====== Implementation of Strings ======
In Java a string like
String str = new String("abc");
causes the allocation of two objects. Strings in Java are //immutable//. With the field //offset// it is possible to form substrings in the constant string.
[{{ .:strings1.png?450&direct | //A string in Java// }}]
Creating two objects and managing them leads to unfavorable behaviour in terms of memory and runtime. A more elegant solution would create a single object. What to do?
- Change of the class file and replacement of the class //String// (relatively costly)
- Change of code generator
We choose the second alternative. When a //new// is encountered we must check if a string is to be created. If this is the case a special string allocation method is to be called, see [[.:objects|Objects]]. The translation of the SSA instructions //sCloadFromArray// and //sCstoreToArray// nedd to be adapted as well.
===== Optimized String =====
The creation and manipulation of strings is done solely in //java/lang/String//. This class extends //BString// (this stands for //Base String//). //BString// has the single field //count//, which is the lenght of the string. This ensures that the field //count// will reside at index 0. //String// has another field //value// of type //char[]//. Instead of containing a reference to a character array, this field contains the characters directly.
[{{ .strings2.png?300&direct | //Optimized String// }}]
The field //size// holds the number of bytes of the whole object. This is analogous to other objects (see [[dev:rts:heap|Heap Manager and Garbage Collection]]). It is used for an efficient sweep phase.
===== Creation =====
The Bytecode for the creation of a string is
new java/lang/String
invokespecial constructor
//new// must not yet be executed, because the size of the character array cannot be fetched from the type descriptor. The character array will be inserted directly into the object and this size varies from string to string. The code generator has to check if //new// creates something of type //String//. If true, nothing will be done except putting the reference to the type descriptor of //String// into the result register of //new//. \\
The next Bytecode instruction is //invokespecial//. In our case, it must not call the constructor, because the object does not yet exist. The linker will insert a call to a special factory method with similar parameters.

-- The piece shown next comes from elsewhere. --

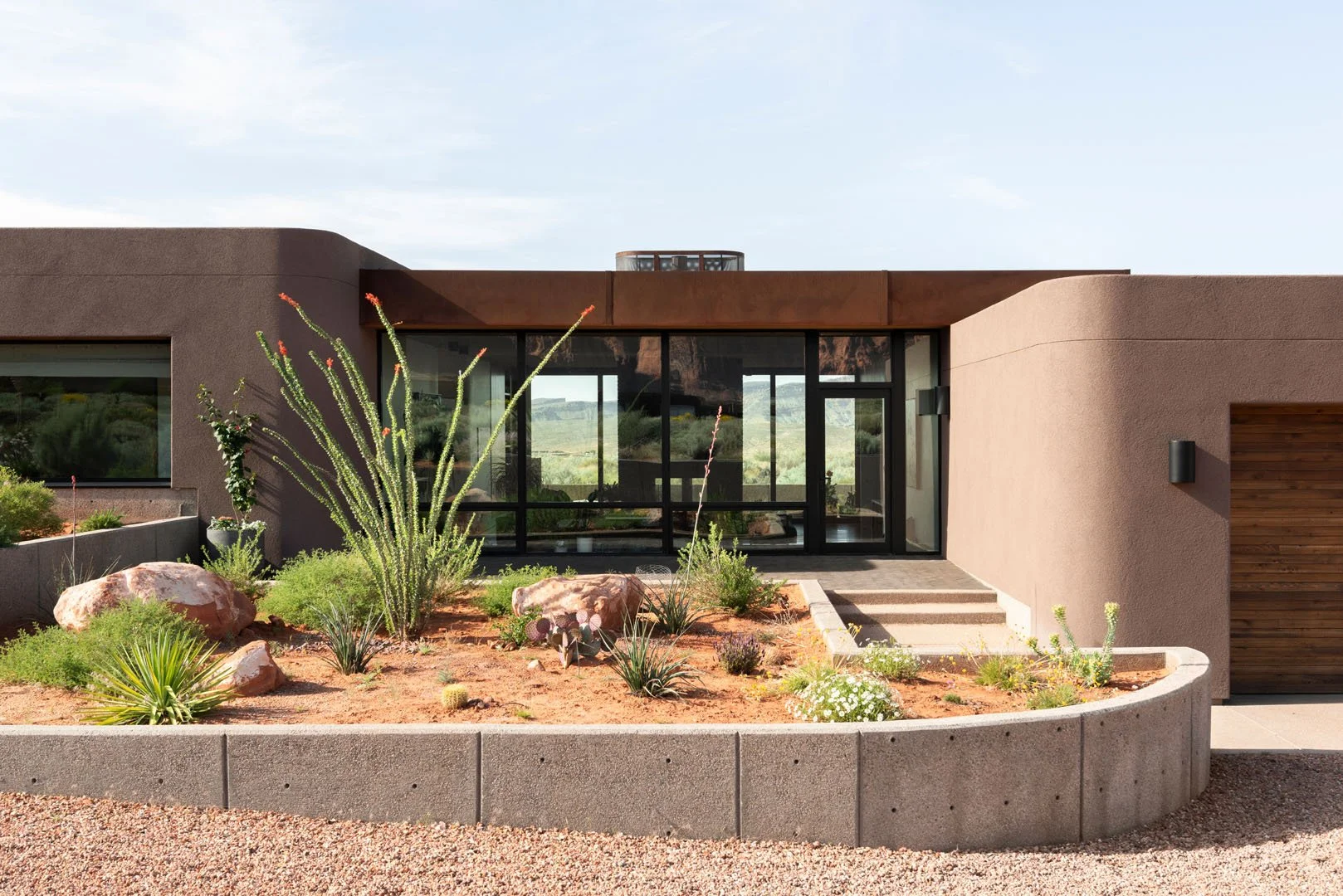 Single-level modern desert home behind a native garden of ocotillo and boulders, Taviawk, Ivins, Utah.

public static String allocateString(int ref, char value[]) {
int len = value.length;
String str = newstring(ref, len * 2);
str.count = len;
for (int i = 0; i < len; i++) str.value[i] = value[i];
return str;
}
Foremost, the necessary size must be calculated and the object must be allocated on the heap. The linker must replace the method address of the stub //newstring// with the method //newstring// in the class //Heap//. //newstring// does:
* set the tag of the string object to the type descriptor of //String// (similar to //newobject//).
* create the necessary number of array fields (similar to //newarray//).
* set the field //count//.
* call the constructor of the super class. This call has to be inserted in the code generator.
* initialize the string.
Finally, the reference to the newly created string has to be put into the result register of the //sCnew// instruction.
===== Access to Fields =====
When accessing fields of a string, the code generator has to modify the code. Such an access shows up in the SSA as follows
1: MonadicRef[sCloadFromField] {0} (Char-Array)
2: NoOpnd[sCloadLocal] (Integer)
3: Dyadic[sCloadFromArray] {1, 2} (Char)
The field //value// is loaded. //value// is a reference. With this reference and an index into the array the proper character can be accessed. The code generator has to check for the instruction //sCloadFromField// if the field is //String.value//. If true, the fetching is ommited and the offset of //value// is stored. With the subsequent instruction //sCloadFromArray//, the offset must be added to the index. At the same time one cannot use //value// as the array reference but must use the reference to the string. \\
Similarly, writing to a string must be customized. However, strings in java are immutable. Writing to strings happens only in the factory methods during initialization. Checking for array index out of bounds may be ommited as well.
===== Constant String =====
Constant strings are stored in the constant block of a class, see [[dev:crosscompiler:backend_ppc:linker32|Linker32]]. The layout there must be identical to the layout on the heap as given above.
===== Special Linking =====
The type descriptor of the class //String// must have its field //nofInstPtr// set to 0. Though there is a field //char[] values// we access this field in an omtimized way as decribed above. The garbage collector must not follow this field!